> **What needs to be done**: Your copy should match the listing below word for word, with no images in it.

> **Dataset content**:
= = = =
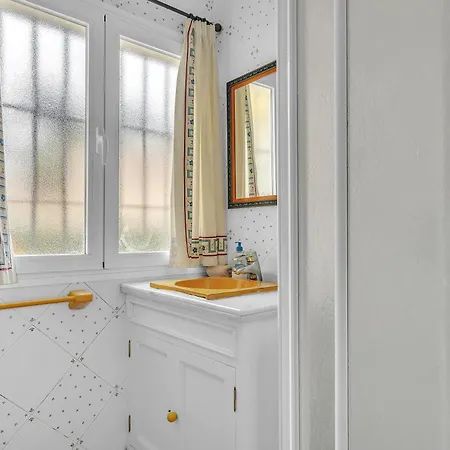 Villa Arin - Beachside Family By Finest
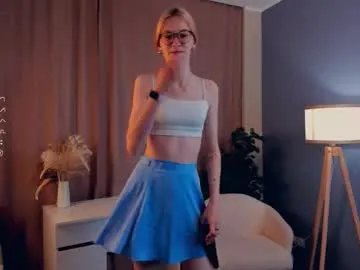 Freechat moirebroady on Chaturbate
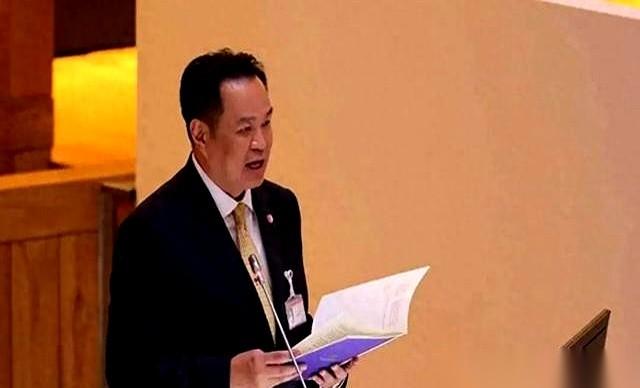 泰国这盘棋，真是神了。你敢信吗？把你推上总理宝座的，是你最大的对手。然后人家拍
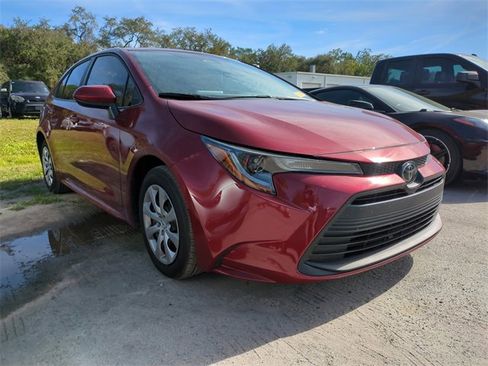 Used 2024 Toyota Corolla LE image 2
= = = =
> **Solution to this problem**:
 Villa Arin - Beachside Family By Finest
 Freechat moirebroady on Chaturbate
 泰国这盘棋，真是神了。你敢信吗？把你推上总理宝座的，是你最大的对手。然后人家拍
 Used 2024 Toyota Corolla LE image 2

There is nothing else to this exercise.